Mourad Belhaj
06 Octobre 2019•Mise à jour: 07 Octobre 2019
AA / Tunis / Yosra Ouannes
Le Mouvement « Ennahdha » a déclaré, dimanche soir, être arrivé en tête lors des élections législatives.
Le président du Parti « Au cœur de la Tunisie », Nabil Karoui, avait auparavant revendiqué, dans un communiqué publié près d’une heure après la fermeture des bureaux de vote, que son parti était arrivé en tête durant ce scrutin, sans pour autant expliquer comment il en était arrivé si tôt à ce résultat.
Le porte-parole officiel du mouvement d’obédience islamique « Ennahdha », Imed Khemiri, a déclaré lors d’une conférence de presse tenue au siège du mouvement dans la capitale tunisienne, que « les premières données qui nous sont parvenues, indiquent que nous devançons tous les autres partis, ainsi que les listes indépendantes », sans pour autant donner de chiffres étayant ces affirmations.
« Seule l’ISIE est habilitée à donner les résultats définitifs de ce scrutin », a-t-il ajouté.
Le dépouillement des bulletins de vote a commencé à 18 heures (locales), pour définir les résultats de ces élections qui ont, selon l’ISIE, connu un taux de participation avoisinant les 40%.
Plus de 15 mille candidats se disputent les 217 sièges du Parlement dans ces élections.
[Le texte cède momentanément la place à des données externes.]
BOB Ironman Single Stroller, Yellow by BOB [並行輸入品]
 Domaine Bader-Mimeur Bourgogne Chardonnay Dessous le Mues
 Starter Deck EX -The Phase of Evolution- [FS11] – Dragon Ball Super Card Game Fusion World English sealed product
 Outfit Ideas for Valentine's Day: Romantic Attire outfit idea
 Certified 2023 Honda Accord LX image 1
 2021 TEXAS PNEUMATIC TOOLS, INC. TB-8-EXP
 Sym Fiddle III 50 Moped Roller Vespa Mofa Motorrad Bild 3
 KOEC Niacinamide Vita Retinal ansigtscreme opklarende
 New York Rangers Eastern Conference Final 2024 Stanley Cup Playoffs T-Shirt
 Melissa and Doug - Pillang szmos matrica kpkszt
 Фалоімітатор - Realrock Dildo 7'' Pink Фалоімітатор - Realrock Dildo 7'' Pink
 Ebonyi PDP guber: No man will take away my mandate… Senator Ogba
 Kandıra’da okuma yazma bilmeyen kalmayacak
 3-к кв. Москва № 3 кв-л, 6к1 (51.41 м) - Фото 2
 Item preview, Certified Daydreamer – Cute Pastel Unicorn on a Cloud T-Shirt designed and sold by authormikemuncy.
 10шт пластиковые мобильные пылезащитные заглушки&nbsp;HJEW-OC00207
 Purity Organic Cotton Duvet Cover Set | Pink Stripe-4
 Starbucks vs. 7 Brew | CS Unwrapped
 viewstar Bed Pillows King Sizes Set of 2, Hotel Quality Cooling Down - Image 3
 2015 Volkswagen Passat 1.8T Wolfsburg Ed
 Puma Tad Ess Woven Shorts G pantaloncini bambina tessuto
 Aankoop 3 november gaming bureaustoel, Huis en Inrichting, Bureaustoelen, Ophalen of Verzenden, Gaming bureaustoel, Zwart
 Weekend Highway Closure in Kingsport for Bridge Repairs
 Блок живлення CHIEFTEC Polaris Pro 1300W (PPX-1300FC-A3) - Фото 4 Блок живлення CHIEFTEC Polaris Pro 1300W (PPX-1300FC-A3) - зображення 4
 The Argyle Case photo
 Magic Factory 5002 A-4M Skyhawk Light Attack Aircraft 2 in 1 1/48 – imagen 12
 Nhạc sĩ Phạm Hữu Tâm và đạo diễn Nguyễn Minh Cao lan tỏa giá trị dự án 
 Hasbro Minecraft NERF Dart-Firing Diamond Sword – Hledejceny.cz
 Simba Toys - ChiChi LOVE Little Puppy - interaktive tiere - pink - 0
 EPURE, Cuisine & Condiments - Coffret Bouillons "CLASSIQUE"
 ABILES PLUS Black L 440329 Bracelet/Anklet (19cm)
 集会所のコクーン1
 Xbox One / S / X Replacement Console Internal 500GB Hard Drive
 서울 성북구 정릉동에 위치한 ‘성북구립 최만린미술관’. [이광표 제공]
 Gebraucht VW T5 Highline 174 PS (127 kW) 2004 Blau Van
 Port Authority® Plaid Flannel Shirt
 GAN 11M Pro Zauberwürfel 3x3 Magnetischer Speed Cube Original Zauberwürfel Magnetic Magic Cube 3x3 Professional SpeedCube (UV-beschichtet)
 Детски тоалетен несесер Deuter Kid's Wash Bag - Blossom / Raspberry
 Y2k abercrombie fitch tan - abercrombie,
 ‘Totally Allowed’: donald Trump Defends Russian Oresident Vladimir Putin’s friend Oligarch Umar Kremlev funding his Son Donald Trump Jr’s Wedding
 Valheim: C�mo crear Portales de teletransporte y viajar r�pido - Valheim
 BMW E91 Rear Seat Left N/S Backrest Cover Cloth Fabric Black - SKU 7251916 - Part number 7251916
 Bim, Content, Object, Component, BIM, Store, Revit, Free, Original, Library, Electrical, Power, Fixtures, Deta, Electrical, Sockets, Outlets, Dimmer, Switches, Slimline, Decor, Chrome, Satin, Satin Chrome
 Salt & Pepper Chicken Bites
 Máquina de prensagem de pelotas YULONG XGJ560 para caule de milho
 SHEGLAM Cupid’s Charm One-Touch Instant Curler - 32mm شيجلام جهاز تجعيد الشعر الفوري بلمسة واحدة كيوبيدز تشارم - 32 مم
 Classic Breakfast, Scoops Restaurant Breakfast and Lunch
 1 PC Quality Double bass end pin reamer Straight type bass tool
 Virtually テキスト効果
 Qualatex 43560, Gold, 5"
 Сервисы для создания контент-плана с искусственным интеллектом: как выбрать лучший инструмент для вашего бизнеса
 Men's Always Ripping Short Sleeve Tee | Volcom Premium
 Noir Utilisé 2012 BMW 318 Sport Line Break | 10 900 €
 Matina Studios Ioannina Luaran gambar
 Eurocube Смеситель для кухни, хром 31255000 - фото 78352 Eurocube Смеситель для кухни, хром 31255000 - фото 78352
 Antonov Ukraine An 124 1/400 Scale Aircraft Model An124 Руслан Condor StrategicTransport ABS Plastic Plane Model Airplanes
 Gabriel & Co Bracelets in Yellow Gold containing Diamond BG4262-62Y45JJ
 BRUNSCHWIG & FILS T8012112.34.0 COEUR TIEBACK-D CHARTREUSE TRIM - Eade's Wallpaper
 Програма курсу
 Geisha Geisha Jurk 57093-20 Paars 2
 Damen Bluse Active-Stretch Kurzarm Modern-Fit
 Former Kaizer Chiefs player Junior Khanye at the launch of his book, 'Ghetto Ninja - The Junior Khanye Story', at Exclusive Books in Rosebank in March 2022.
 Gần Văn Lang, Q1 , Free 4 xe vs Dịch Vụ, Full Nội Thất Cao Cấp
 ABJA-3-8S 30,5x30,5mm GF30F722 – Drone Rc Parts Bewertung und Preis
Treize mille bureaux de vote, répartis sur 4567 centres de vote et 33 circonscriptions électorales, en Tunisie et à l’étranger, ont été concernés par ce scrutin, dont la sécurisation a été assurée par 70 mille agents de police, selon le ministère de l’intérieur.
Le prochain parlement sera le second à être élu démocratiquement depuis la Révolution de 2011.
La Tunisie aura un nouveau rendez-vous électoral le 13 octobre courant, date de la tenue du second tour des élections présidentielles, qui verra s’opposer Nabil Karoui, candidat de « Au Cœur de la Tunisie », au candidat indépendant, Kaïs Saïed.
Les élections présidentielles et législatives en Tunisie, sont une nouvelle étape dans le processus démocratique que vit le pays. La Tunisie représente une exception, en comparaison avec d’autres pays arabes ayant connu des révolutions populaires qui ont eu raison des régimes au pouvoir à l’époque, tels que l’Egypte, le Yémen et la Libye.